What you are asked to do:
Everything from the line containing "Thule Subterra Carry -on Roller 22, Mineral" through the line containing "Renault Megane 2013 dveře před prave" in the listing below should be copied exactly, and nothing more.

Dataset records:
********************
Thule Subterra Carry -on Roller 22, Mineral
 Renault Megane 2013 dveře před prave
********************
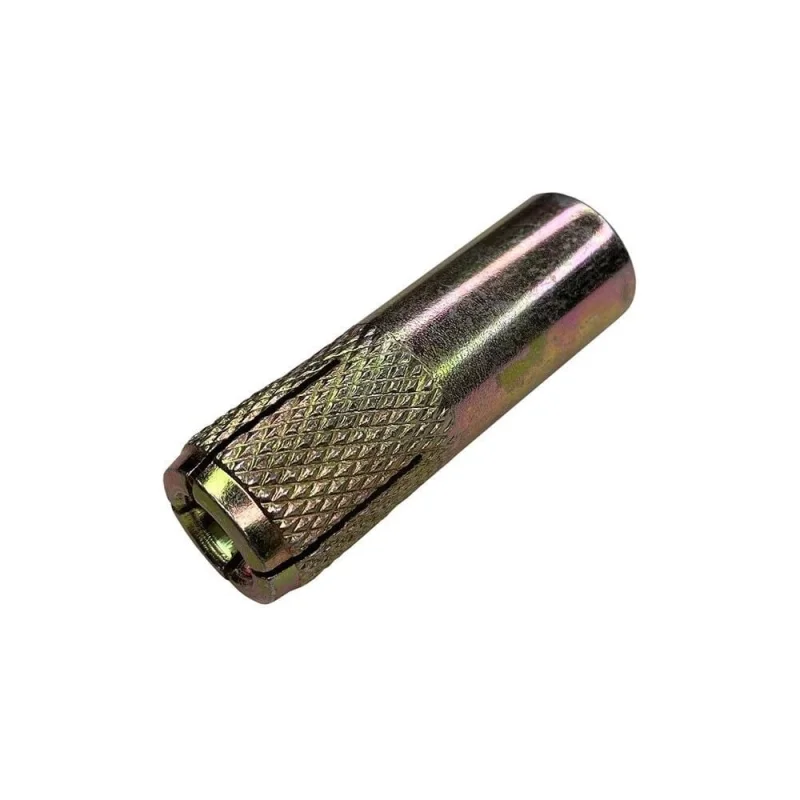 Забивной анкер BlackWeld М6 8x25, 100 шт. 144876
********************
Problem solution:
Thule Subterra Carry -on Roller 22, Mineral
 Renault Megane 2013 dveře před prave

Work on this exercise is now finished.